== WHAT IS REQUIRED ==
Shown below is a listing with pictures; reproduce exactly, and only, the lines between the ones containing "Volkswagen Transporter Furgon" and "Le Petit Nicolas - Le Scoop", inclusive, leaving the pictures out.

== DATA SHOWN ==
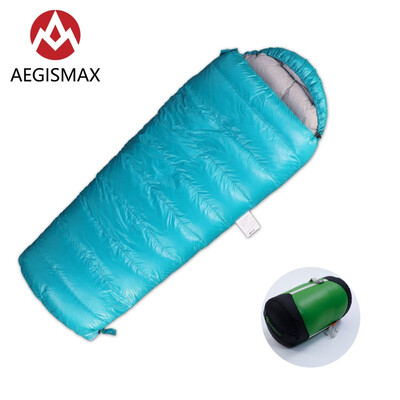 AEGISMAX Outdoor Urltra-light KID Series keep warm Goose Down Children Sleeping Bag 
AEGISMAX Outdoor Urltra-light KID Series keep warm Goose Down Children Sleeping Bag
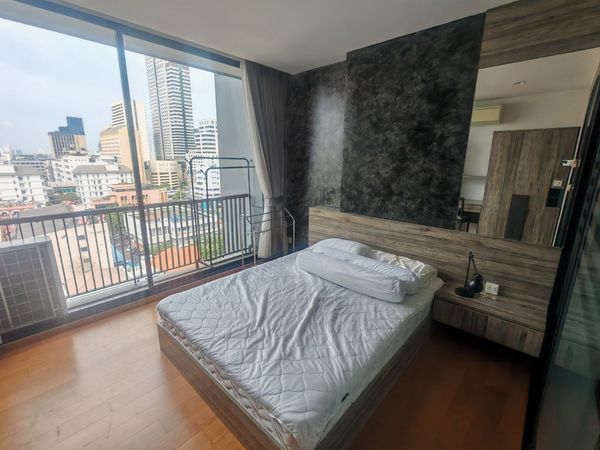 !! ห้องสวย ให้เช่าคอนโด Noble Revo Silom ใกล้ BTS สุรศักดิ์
...
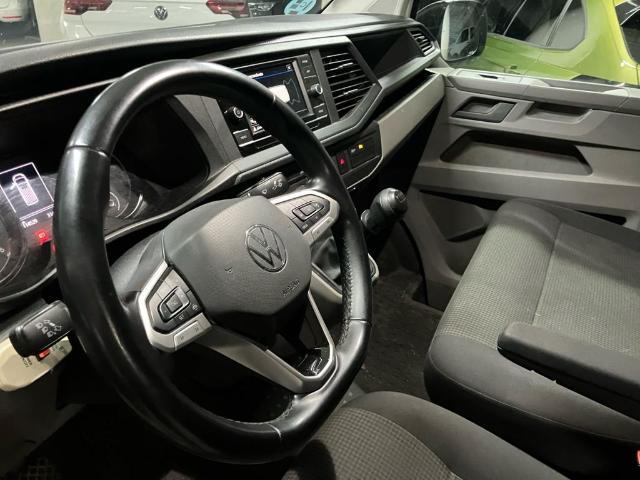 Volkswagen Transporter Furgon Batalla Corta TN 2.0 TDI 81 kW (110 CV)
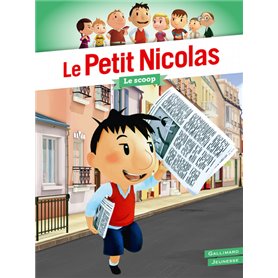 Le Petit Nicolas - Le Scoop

== ANSWER FOR THE TASK ==
 Volkswagen Transporter Furgon Batalla Corta TN 2.0 TDI 81 kW (110 CV)
 Le Petit Nicolas - Le Scoop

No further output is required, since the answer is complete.